JL: When we worked together on a 2019 documentary that Lenny Kravitz and I executive produced about you – Arianne Phillips: Dressing the Part – we described you as the misfit rebel who became a powerful creative force in both the movie and fashion industries. How did that misfit rebel successfully succeed in two notoriously competitive industries?

AP: Well, let’s see, how did it all begin? It’s not a linear journey. My mom had me when she was 20 and my dad was 24, and my sister and I, we just went on this fabulous adventure with them. In California we were exposed to a lot of art, music, writing and poetry, and I think that was what really stayed with me. I was in an atmosphere of creativity and experimentation. I enjoy taking the path unknown. Because I’ve just worked on the Bob Dylan biopic, A Complete Unknown, I keep referring to his songs, and the lyrics ‘The times they are a-changin’’ resonate with me. I’ve always just kept taking risks. 

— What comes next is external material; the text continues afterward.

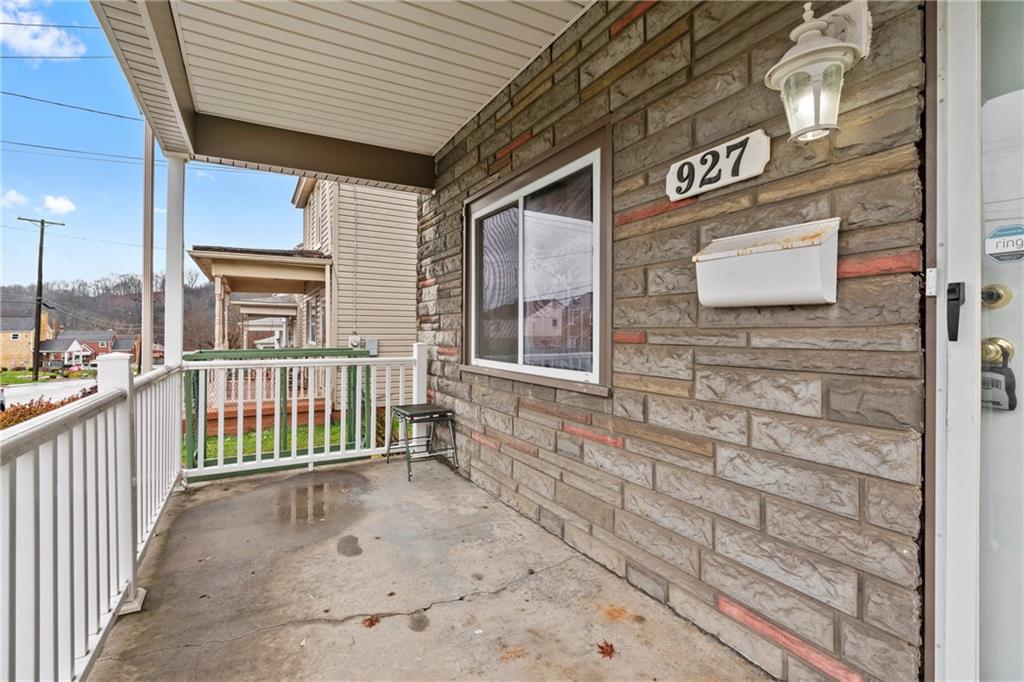 927 Greenhill Road Pittsburgh, PA 15209 - Photo 6 of 41 a view of a brick house with a large window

JL: Did you study costume at college? 

AP: I wanted to go to college to learn art. And then I quickly got distracted and moved to New York. I was obsessed with British street culture and fashion, and the magazines. I got really great advice from a very respected fashion photographer, Arthur Elgort, who I had the pleasure to meet during those early days. He said, ‘You know, I can’t do much for you. I’m established. Come up with your own way, find like-minded people and collaborate with your friends.’ So I really dug into that, and I met so many wonderful people in New York, as you do as a young person, and I think that was the thing that really propelled me into this kind of multi-discipline career. Until then, if you loved fashion you were either a costume designer for a film, or a stylist for musicians, or you were a fashion editor. Those things did not cross over. But I think I was the new kid who never really wanted to belong to one group, never felt quite comfortable in any of those worlds full-time. And then the connecting thread for me, ultimately, was storytelling through costume, through clothing…creating characters. And I was lucky enough to get to do that, quite early on, with so many great artists – Lenny and Madonna and Courtney Love.

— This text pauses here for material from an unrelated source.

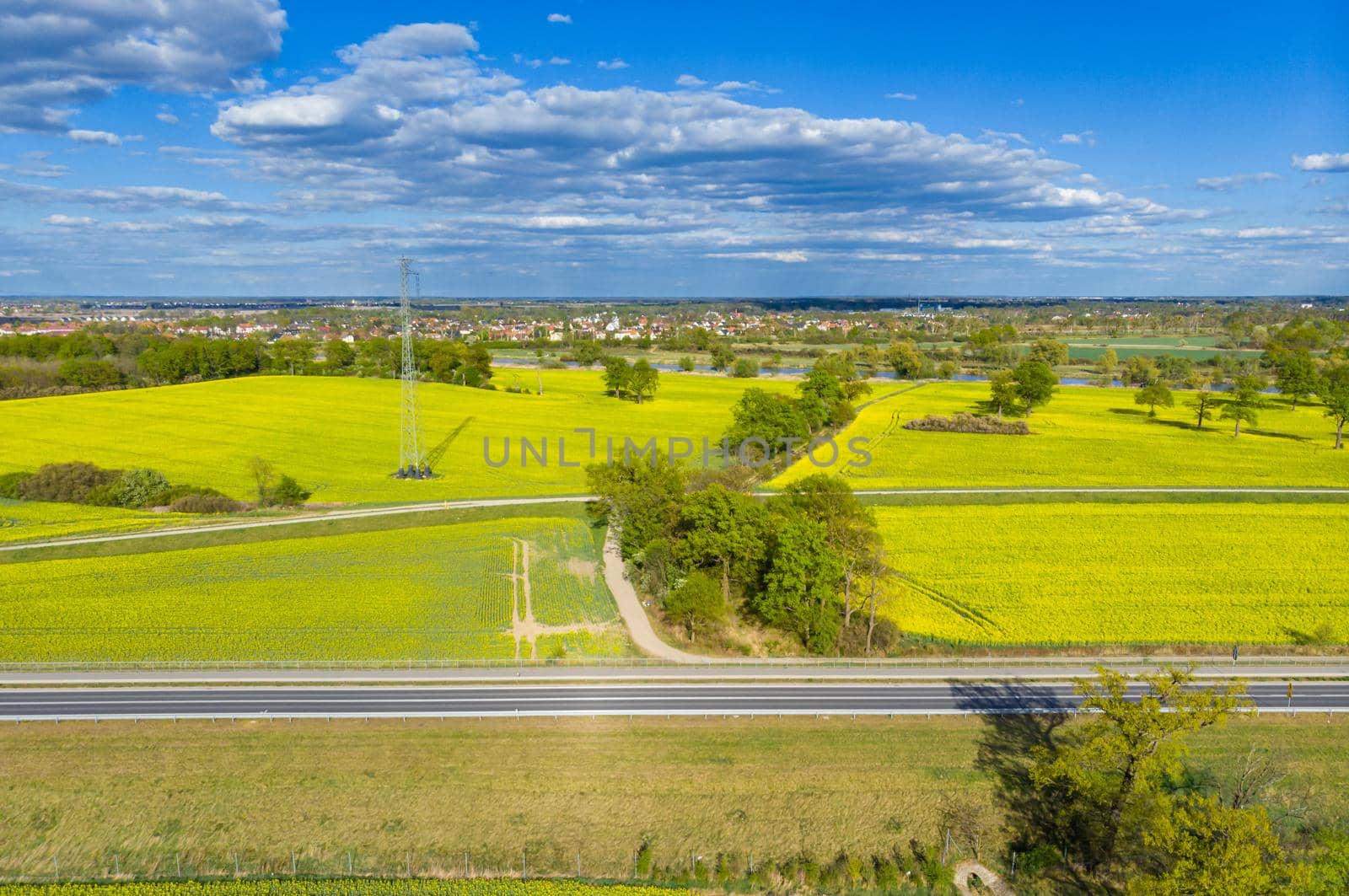 Aerial drone look to long highway between yellow fields of colza at cloudy sunny day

A Single Man, Arianne Phillips, Greg Williams, Hollywood Authentic, Jeremy Langmead
A Single Man, 2009. The Weinstein Company/Alamy

JL: So it was always creativity, new challenges and inspiring collaborators that drove you forward at this stage?

AP: Yes. The financial aspect of it never really factored in. I knew that if I went down the commercial route – which is easy; I watched a lot of colleagues end up doing commercials for TV and stuff – then I would get addicted to that comfortable lifestyle. I mean, it’s worked out fine for me, but I always chose a project that would be unique. In the last film I worked on, I had 40 people in my department. The new film I’m about to start work on will have just me and two other people, with a budget of only $30,000 for costumes for the whole movie. The average budget for costumes on a big movie is a million plus. And last year I did an off-Broadway play where it was just me and one other person. This approach is crucial to how I try to keep my own self relevant to myself; to keep me a little bit hungry, to keep it real.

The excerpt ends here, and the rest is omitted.